Stop calling the Calais refugee camp the ‘Jungle’

What kind of people live in a jungle? Are they civilised? Are they respectable? Do they share our values?
Chances are, your image of a jungle dweller ranges from the savages and headshrinkers of the old Tarzan-era movies to – if you’re more 21st-century – the isolated peoples of the rainforest, living simple yet dignified lives. In either case, are they the kind of people you’d welcome as neighbours, and believe could fully integrate into modern Britain? For several years now, the series of Calais refugee camps originally set up in 2002 have been referred to as “the Jungle”. The camp was christened by the migrants themselves, in ironic reference to the squalid conditions.
But a decade on, and as the migrant crisis throughout Europe has escalated, it’s clear this term is becoming increasingly problematic. What started out as a simple in-joke among a small group of people has taken on a completely different meaning when taken up by the international media in the context of daily scare stories about people crossing borders.

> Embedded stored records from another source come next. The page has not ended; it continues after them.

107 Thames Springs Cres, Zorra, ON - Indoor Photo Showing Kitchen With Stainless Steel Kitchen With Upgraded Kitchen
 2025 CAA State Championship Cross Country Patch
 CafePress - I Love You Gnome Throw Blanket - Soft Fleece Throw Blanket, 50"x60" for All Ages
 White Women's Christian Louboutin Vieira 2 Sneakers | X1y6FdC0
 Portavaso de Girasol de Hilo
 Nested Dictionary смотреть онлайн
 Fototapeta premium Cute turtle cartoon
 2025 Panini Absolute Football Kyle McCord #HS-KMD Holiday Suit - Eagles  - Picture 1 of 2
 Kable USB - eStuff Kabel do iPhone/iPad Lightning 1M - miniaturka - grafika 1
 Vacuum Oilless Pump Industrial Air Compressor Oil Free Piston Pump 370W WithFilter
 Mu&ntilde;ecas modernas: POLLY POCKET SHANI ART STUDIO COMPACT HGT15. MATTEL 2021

“War of the Jungle” and “Jungle warfare” were just two of the headlines splashed across tabloid front pages last week, as French authorities clashed with refugeesas they moved in to demolish their homes. The imagery the headlines evoke is of primitive, uncontrolled brutes – of the barbarians at the gates, as they try to gain entry to the UK. Who could possibly want these kind of people tarnishing our green and pleasant land?
The language obscures the stories of people who may be teachers, traders, clerical workers, their lives thrown into conflict, who, after battling across the continent to find a better life, find themselves in this unfortunate place.
The Middle Eastern origins of many Calais refugees play into other stereotypes too. Every day, it seems, as stories abound about terror, grooming, the Cologne attacks and FGM, we appear to be developing a fear of a Muslim planet. It’s as if every individual with an Arab background is a potential threat to us: again, primitive, uncivilised, untrustworthy. Over time, the media’s use of this terminology has changed. First it was, “the migrant camps, known by some as ‘the Jungle’”; then “the so-called ‘Jungle’”; before simply becoming the Jungle, without quotation marks.
It’s not just the rightwing tabloids that use the term: all parts of the media have adopted it – including the Independent, the BBC and the Guardian (although last week the Guardian issued new guidance to limit its usage, and ensure it always appears in quotation marks). Even the organisation Help Refugees, which donates essential supplies to camps at Calais and Dunkirk, uses the social media hashtag#CalaisJungle.